股东以知情权、利润分配请求权等权益受到损害,或者公司亏损、财产不足以偿还全部债务,以及公司被吊销企业法人营业执照未进行清算等为由,提起解散公司诉讼的,人民法院不予受理。”
公司解散之诉的注意事项
首先,股东提起解散公司诉讼应当以公司为被告。原告以其他股东为被告一并提起诉讼的,法院会告知原告将其他股东变更为第三人;原告坚持不予变更的,法院将驳回原告对其他股东的起诉。原告提起解散公司诉讼应当告知其他股东,或者由法院通知其参加诉讼,其他股东或者有关利害关系人可以申请以共同原告或者第三人身份参加诉讼。
其次,解散公司诉讼案件和公司清算案件由公司住所地法院管辖。公司住所地是指公司主要办事机构所在地。公司办事机构所在地不明确的,由其注册地人民法院管辖。基层法院管辖县、县级市或者区的公司登记机关核准登记公司的解散诉讼案件和公司清算案件;中级法院管辖地区、地级市以上的公司登记机关核准登记公司的解散诉讼案件和公司清算案件。

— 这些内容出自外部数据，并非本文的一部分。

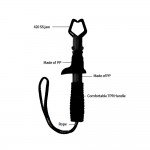 Γκριπ ATISEN LIP GRIP FG-5028 image - 1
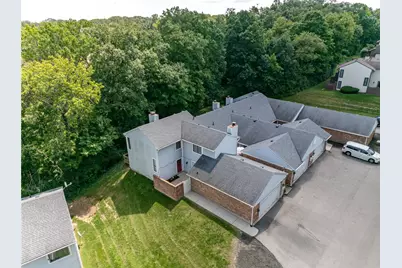 1346 Whispering Woods Drive #A, West Carrollton, OH 45449 - Photo 44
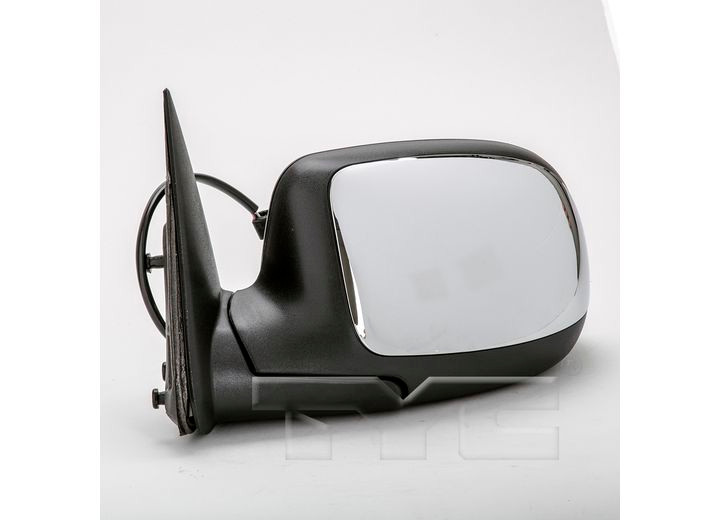 TYC - 9902 Cv Slvrd/siera Pwr Nht Mir Lh - 2170232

再次,提起公司解散之诉,应当以通过其他途径不能解决公司僵局为前提。如果能够通过其他途径解决公司僵局,较之于解散公司之诉是更优选择。法院是否允许解散公司,具有很大的自由裁量权。审理解散公司诉讼案件时,法院非常注重调解,当事人协商同意由公司或者股东收购股份,或者以减资等方式使公司存续,且不违反法律、行政法规强制性规定的,法院将予以支持。
最后,法院关于解散公司诉讼作出的判决,对公司全体股东具有法律约束力。法院判决驳回解散公司诉讼请求后,提起该诉讼的股东或者其他股东又以同一事实和理由提起解散公司诉讼的,法院将不予受理。
公司解散之诉的适用要点
要点一:公司经营管理发生严重困难
公司经营管理发生严重困难,可以分为公司外部的经营困难和公司内部的管理困难。经营困难,即公司的生产经营状况发生严重亏损的情形;管理困难,一般也称为公司僵局,是指公司的股东会、董事会等公司机关处于僵持状态,有关经营决策无法作出,公司日常运作陷入停顿与瘫痪状态。对于解散公司之诉的适用条件而言,公司经营管理发生严重困难更侧重于管理困难,应从公司组织机构的运行状态即从公司的股东会、董事会或执行董事及监事会或监事的运行现状进行综合分析。公司虽处于盈利状态,但其股东会机制长期失灵,内部管理有严重障碍,已陷入僵局状态,可以认定为公司经营管理发生严重困难。这也就可以理解,为何《公司法司法解释(二)》第一条第一款列举的三种情形,均属于管理困难或公司僵局,没有列举经营困难情形。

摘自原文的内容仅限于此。